Chesapeake Energy bonds decline on layoff news; Bombardier boosted on Quebec leader’s comments

By Stephanie N. Rotondo

Phoenix, Sept. 29 – The distressed debt market continued to wane Tuesday and “everybody is selling everything,” a trader said.

Chesapeake Energy Corp. was notable on the day, as the company announced a round of layoffs. The move – expected to impact 15% of the company’s workforce – comes as the company and its peers have struggled amid a low oil price environment.

“Any of these commodity and mining guys are just getting clobbered,” a trader said.

In that vein, First Quantum Minerals Ltd.’s 7% notes due 2021 fell a deuce to 65¼.

“You don’t see them much lately,” a trader said.

Meanwhile, Bombardier Inc. improved after the provincial government of Quebec said it would provide financial assistance to the airplane manufacturer should that be necessary.

Chesapeake slips

Chesapeake Energy debt was “a touch softer,” a trader said, after the company announced a round of layoffs on Tuesday. The layoffs are expected to affect 15% of the workforce.

The Oklahoma City-based oil and gas producer has struggled along with its sector peers amid a low oil price environment.

The trader placed the 6 5/8% notes due 2020 around 73½.

Another trader deemed that issue off half a point at 73½. But he saw the 5¾% notes due 2023 rising almost a point to 64¾.

At another desk, the 6 5/8% notes were seen at 74¼ bid, up a touch.

Chesapeake’s convertible bonds were also falling, according to market sources.

“This stuff just blew out yesterday,” one trader noted, referring to Monday’s sell-off that was spurred in part by a hefty downturn in commodities. Come Tuesday, the 2.5% convertible notes due 2037 were down “1½ points further,” trading at 86.

The trader added that the bonds had drifted down to 87.625 from 88.75 on Monday and that it was a dealer buying up paper.

“Then they turned around and sold it at 86,” he said.

As for the 2.75% convertible notes due 2035, the trader saw no trades of size in the issue, though he saw the paper at 98.625 on Monday.
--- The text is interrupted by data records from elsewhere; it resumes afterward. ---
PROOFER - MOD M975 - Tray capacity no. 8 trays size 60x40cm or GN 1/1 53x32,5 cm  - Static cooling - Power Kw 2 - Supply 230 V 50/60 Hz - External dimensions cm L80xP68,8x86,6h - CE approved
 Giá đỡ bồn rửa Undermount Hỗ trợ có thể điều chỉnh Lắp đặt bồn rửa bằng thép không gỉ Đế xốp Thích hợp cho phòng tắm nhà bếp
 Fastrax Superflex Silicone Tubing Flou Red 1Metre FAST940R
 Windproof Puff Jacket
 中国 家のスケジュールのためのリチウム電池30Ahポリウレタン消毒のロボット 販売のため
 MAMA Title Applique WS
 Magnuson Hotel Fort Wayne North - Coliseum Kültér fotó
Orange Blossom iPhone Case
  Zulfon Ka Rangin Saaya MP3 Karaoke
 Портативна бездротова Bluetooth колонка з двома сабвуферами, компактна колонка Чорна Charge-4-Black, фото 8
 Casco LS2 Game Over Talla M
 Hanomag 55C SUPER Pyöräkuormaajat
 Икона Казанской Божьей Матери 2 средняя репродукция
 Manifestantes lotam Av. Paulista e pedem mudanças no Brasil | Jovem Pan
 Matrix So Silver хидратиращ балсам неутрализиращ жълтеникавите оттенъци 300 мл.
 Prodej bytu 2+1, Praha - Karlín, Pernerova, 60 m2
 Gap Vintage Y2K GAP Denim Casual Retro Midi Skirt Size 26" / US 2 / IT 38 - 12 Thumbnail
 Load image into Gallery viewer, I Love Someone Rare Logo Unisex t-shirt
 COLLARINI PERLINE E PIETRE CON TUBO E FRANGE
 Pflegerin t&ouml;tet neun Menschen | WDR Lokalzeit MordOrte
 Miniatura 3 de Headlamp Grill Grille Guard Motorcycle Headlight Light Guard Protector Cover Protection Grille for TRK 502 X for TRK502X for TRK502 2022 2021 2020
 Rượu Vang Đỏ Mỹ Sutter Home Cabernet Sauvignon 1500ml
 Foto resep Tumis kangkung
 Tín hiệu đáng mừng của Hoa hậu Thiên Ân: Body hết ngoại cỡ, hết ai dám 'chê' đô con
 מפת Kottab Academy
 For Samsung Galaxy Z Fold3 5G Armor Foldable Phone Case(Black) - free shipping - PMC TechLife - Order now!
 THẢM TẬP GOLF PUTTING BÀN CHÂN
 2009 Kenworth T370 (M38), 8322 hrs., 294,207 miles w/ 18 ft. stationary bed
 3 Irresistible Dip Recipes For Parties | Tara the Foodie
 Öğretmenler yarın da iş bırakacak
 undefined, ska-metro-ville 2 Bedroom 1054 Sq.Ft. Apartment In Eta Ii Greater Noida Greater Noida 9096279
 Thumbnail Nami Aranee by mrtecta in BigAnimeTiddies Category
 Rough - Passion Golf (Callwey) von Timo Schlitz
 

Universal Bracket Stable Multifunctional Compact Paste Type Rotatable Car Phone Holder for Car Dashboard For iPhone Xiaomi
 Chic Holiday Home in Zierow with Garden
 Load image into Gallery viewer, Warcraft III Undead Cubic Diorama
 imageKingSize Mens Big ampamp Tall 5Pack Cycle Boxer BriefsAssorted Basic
That equaled about a 13.5% yield-to-put in November, he said.

While the bonds drifted down, the stock climbed up on the news, rising 8 cents, or 1.19%, to $6.79.

Chesapeake was said to be cutting about 15% of its total workforce, with the layoffs occurring at every level. The company is expected to take a one-time charge of $55.5 million in the third quarter related to payroll taxes.

Those getting the axe are reportedly receiving “generous” severance packages.

Bombardier boosted

Bombardier bonds got a boost Tuesday as the Quebec provincial government vowed to provide the airplane manufacturer financial assistance if necessary.

A market source pegged the 7¾% notes due 2020 at 84¼, up 2¼ points.

Premier Philippe Couillard said the Canada-based company was a “huge asset” to the province, despite its ongoing difficulties in getting its CSeries jet up and running.

On Friday, Bombardier said that certification tests for the CS100 – the smaller of the CSeries planes – were over 88% completed. The company believes that it is on track to put the new planes into service in the first half of 2016.

SunEdison trades

A trader said SunEdison Inc. was on the busier side in Tuesday trading, with “six different issues” hitting the tape.

The most active of the convertible notes was the 2.625% paper due in 2023 – an issue priced in May and slated to receive its first coupon payment in December.

The trader said the bonds were trading at 57.5.

“Every time you have multiple [convertible] issues at the same company, this is what happens,” the trader said of the bonds’ quick descent. “One or two [issues] is one thing, but you can’t have that many issues out and tell me everything is flying and then come back to the table for more food.”

The solar company’s stock finished off 31 cents, or 4.45%, at $6.66.